Mit dieser Liturgiefeier der Ersten Vesper des Hochfestes Allerheiligen gedenken wir der feierlichen Handlung, mit der Papst Julius II. vor 500 Jahren das Deckenfresko dieser Sixtinischen Kapelle eingeweiht hat. Ich danke Kardinal Bertello für seine an mich gerichteten Worte und begrüße alle Anwesenden herzlich.

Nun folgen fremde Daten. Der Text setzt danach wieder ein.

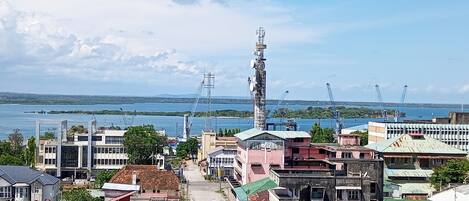 A coastal town with a prominent communication tower, buildings with varied architecture, and a view of the sea and distant islands.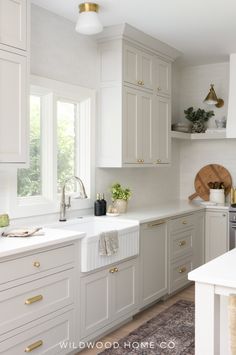 a kitchen with white cabinets and gold hardware on the handles, counter tops and drawers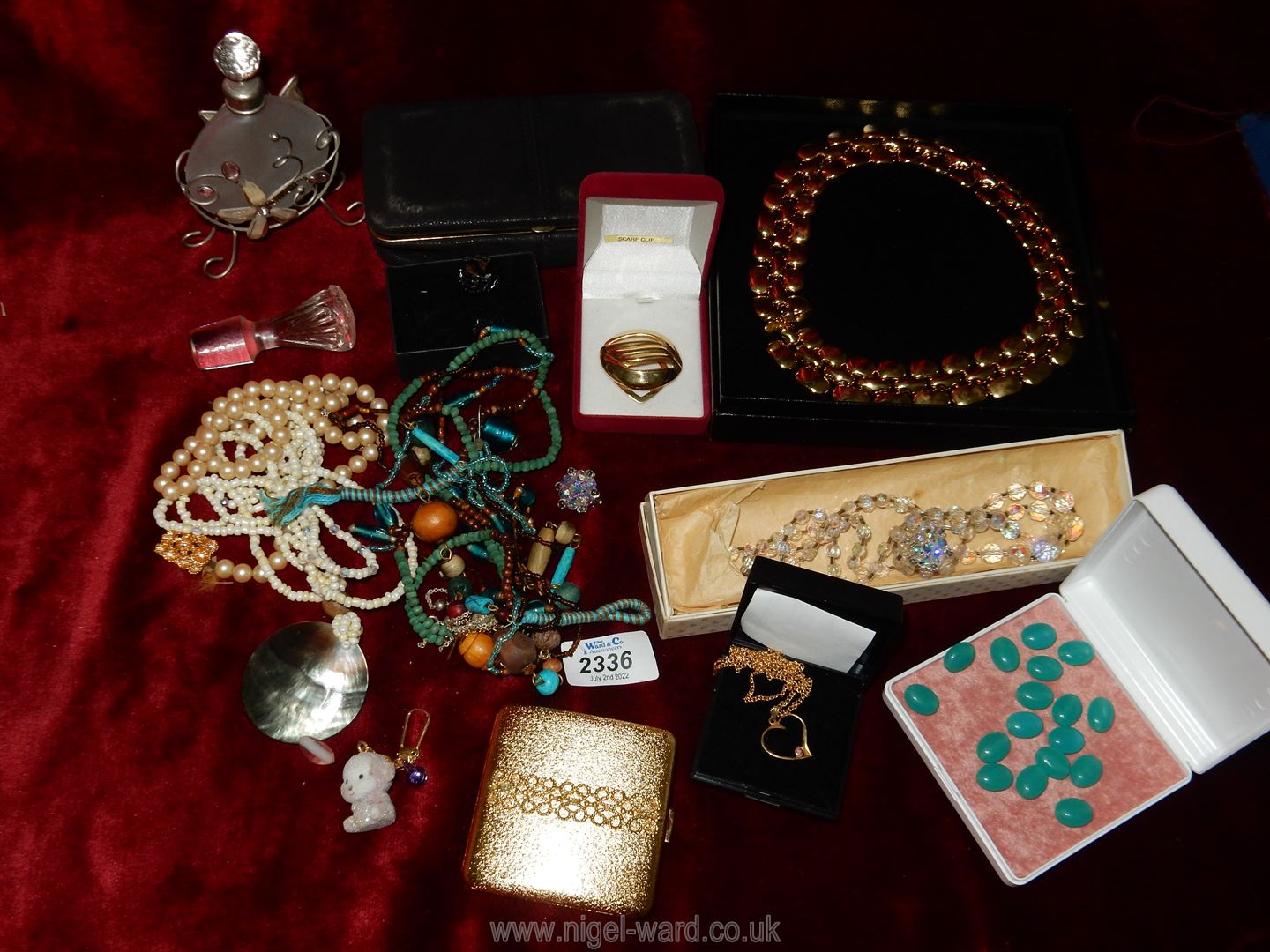 A box of mixed jewellery including a leather travel purse with mirror, pearls, a glass necklace,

Warum sollte man eines derartigen historisch-künstlerischen Ereignisses in einer Liturgiefeier gedenken? Vor allem weil die Sixtina ein liturgischer Raum ist, sie ist die Cappella magna des Apostolischen Palastes im Vatikan. Und auch, weil die Kunstwerke, die sie schmücken, insbesondere die Freskenzyklen, in der Liturgie sozusagen ihr vitales Ambiente finden, den Kontext, in dem sie am besten ihre ganze Schönheit, ihren ganzen Reichtum und ihre Bedeutungsfülle zum Ausdruck bringen. Es ist, als würde im Rahmen der liturgischen Handlung die gesamte Symphonie der Gestalten zum Leben erweckt, sicherlich im spirituellen Sinn, aber untrennbar davon auch ästhetisch, denn die Wahrnehmung der künstlerischen Form ist ein typisch menschlicher Akt und umfaßt als solcher sowohl die Sinne als auch den Geist. Kurz gesagt: Die Sixtinische Kapelle, die im Gebet betrachtet wird, ist noch schöner, noch authentischer; sie offenbart sich in ihrem ganzen Reichtum.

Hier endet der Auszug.